Today i analysed this flow-chart a secound time and it seems to be like the standard-tls-handshake (except the thing with the HSM). The HSM has to do 5 steps in this handshake:

1. generate the random number ("ClientHello" - this step is solved with gnutls_handshake_set_random())
2. generate a Client-DH-EC-keypair for the DH-key-exchange while the handshake ("ClientKeyExchange")
3. calculate the pre-master-secret with the private Client-DH-Key and the public Server-DH-Key
4. calculate the signature of the All-Clients-Messages-Hash
5. verify the signature of the All-Servers-Message-Hash


Is there a way (except of direct changing the sourcecode) to manipulate the gnutls_handshake()? (Something like overwriting the whole handshake with my own functions, where i can call the security-module-things. Or to redirect the relevant function-calls in the real gnutls_handshake() to my functions) The HSM for TR-03109 doesn't exist neither. So i want to do something like write this function-prototypes in my program:
RANDOMUMBER hsm_generate_randomnumber (); (for step 1)
DH_CLIENT_PUBKEY hsm_generate_dhec_keypair (); (for step 2)
DH_PMS hsm_generate_pms (DH_SERVER_PUBKEY); (for step 3)
SIG hsm_generate_signature (HASH); (for step 4)
BOOL hsm_verify_signature (HASH, SIGNATURE); (for step 5)
The Prototypes may differ in the final version. Just an example.

An example:
In the sourcode of lib\gnutls_handhshake.c in the function static int_gnutls_send_client_hello (gnutls_session_t session, int again) something like this happenens when called:
if(funktionPointerToHsm_generate_randomnumber != NULL)
{
// call function and get the random number from there
}
else
{
// do the normal way and calculate the random number with the gnutls functions
}

Similar at the other steps. (I know that for the step 1 this way is not required because if gnutls_handshake_set_random(), but i just found the right position in the sourcecode to explain.)

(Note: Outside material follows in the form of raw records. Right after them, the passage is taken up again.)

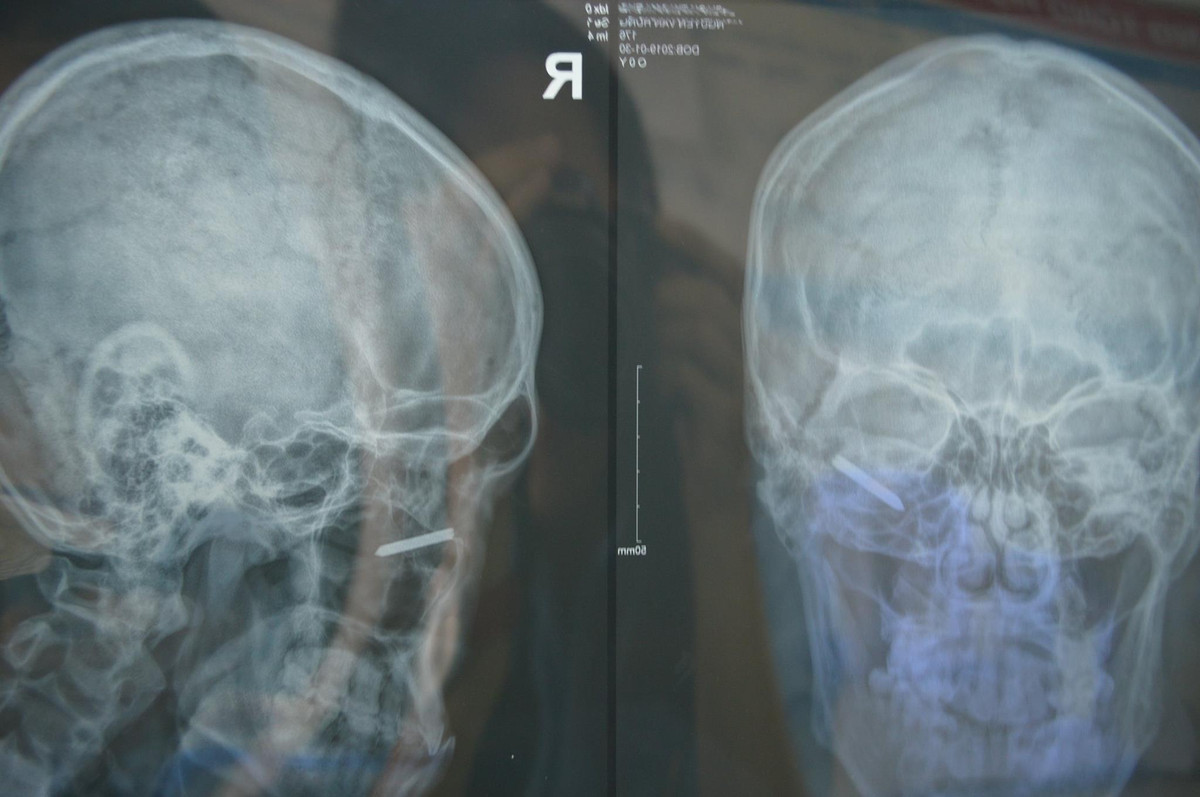 Sua nha don Tet, nam thanh nien gap tai nan hy huu-Hinh-2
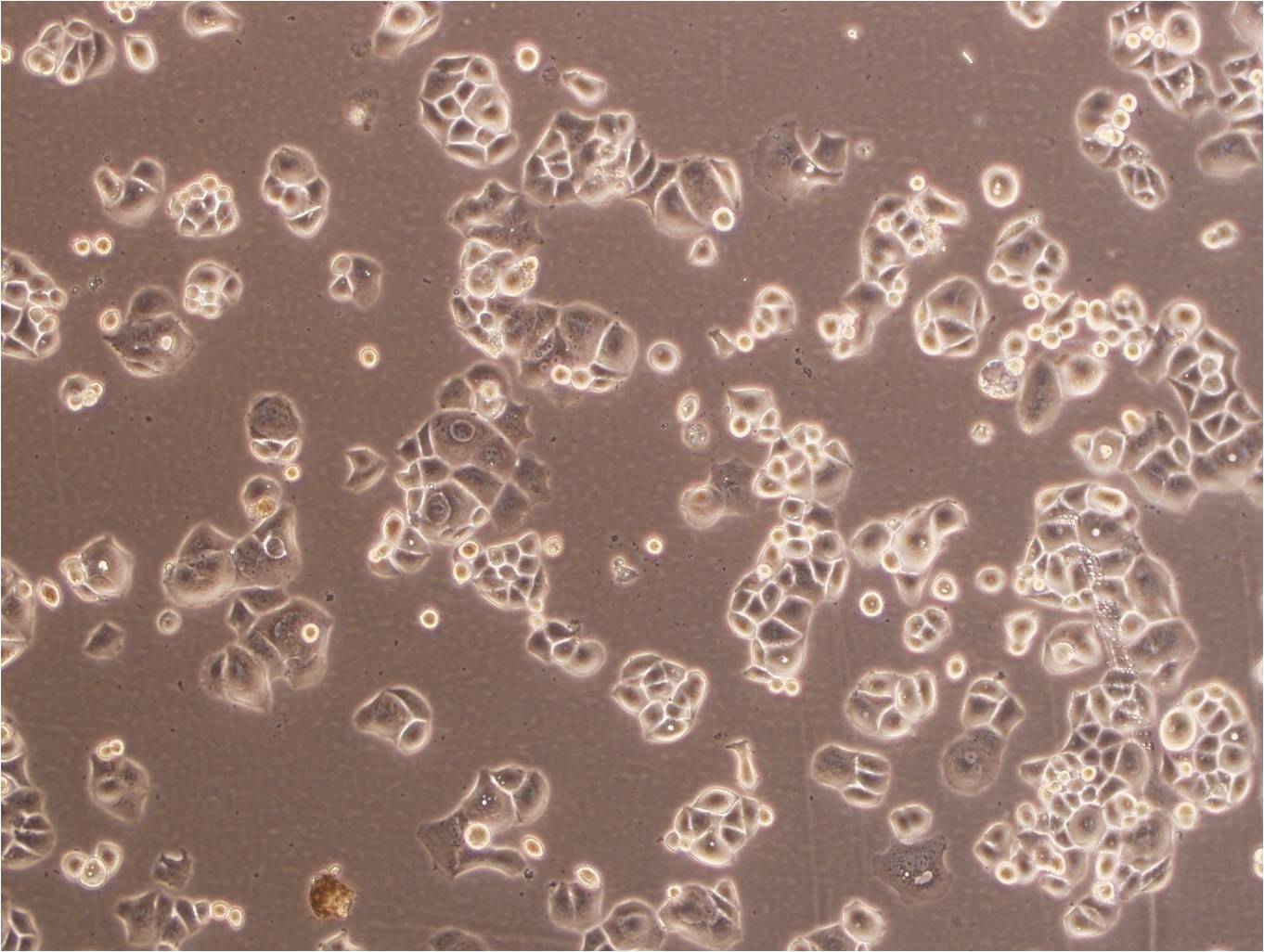 SNU-119 Fresh Cells|人卵巢癌细胞(送STR基因图谱),SNU-119 Fresh Cells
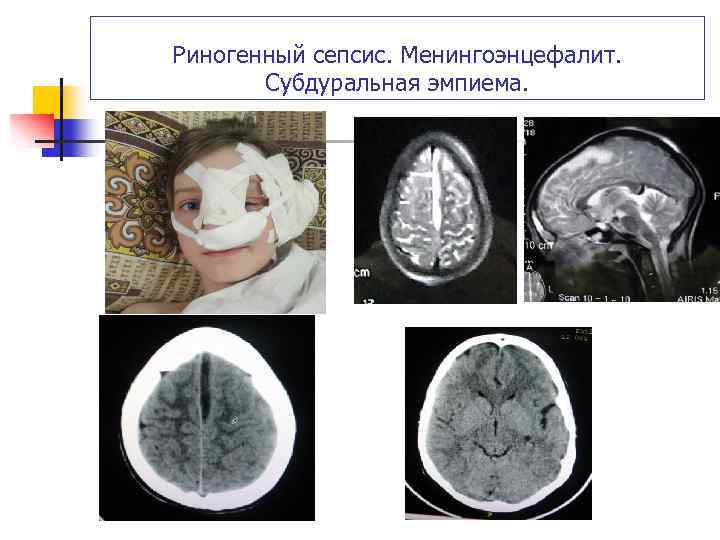 Риногенный сепсис. Менингоэнцефалит. Субдуральная эмпиема. 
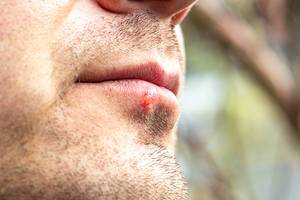 Herpes on the lower lip of a man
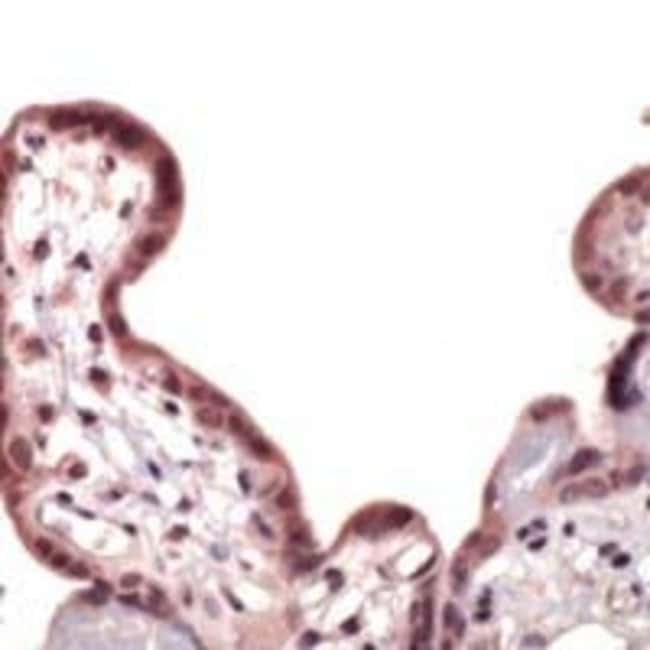 1 ML Nrf2 Rabbit polyclonal antibody IgG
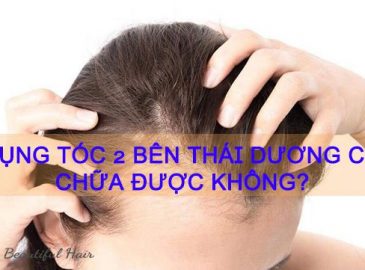 rung-toc-2-ben-thai-duong-co-chua-duoc-khong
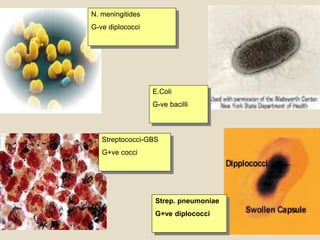 N. meningitides
G-ve diplococci
Streptococci-GBS
G+ve cocci
Strep. pneumoniae
G+ve diplococci
E.Coli
G-ve bacilli
 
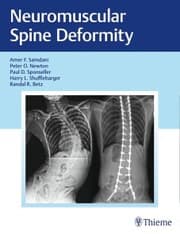 Cover von Neuromuscular Spine Deformity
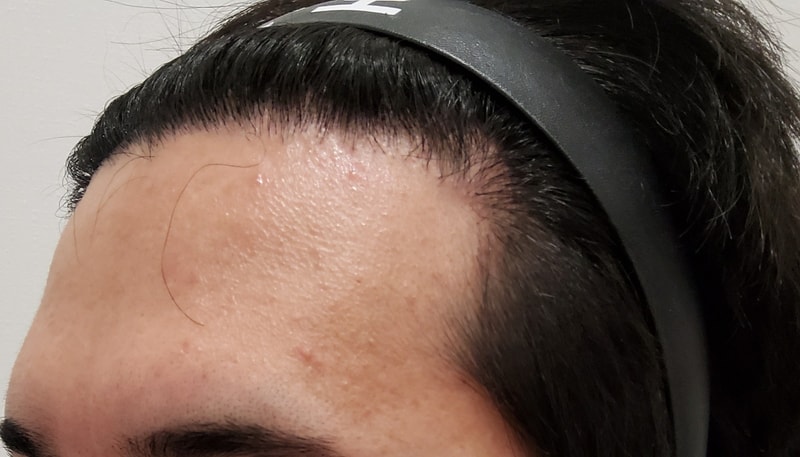 5. 수술후_1년_2.jpg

I read that you added a gnutls_handshake_set_hook_function() to GNUTLS. Maybe that is the right thing for my problem and that does exactly what i discribed above. But i'm not familiar with the gnutls_handshake_set_hook_function()-function yet. (Just startet with GNUTLS 3 days ago). ;)

Sorry for the german document TR-03109. If you want i could post a english translation of this picture.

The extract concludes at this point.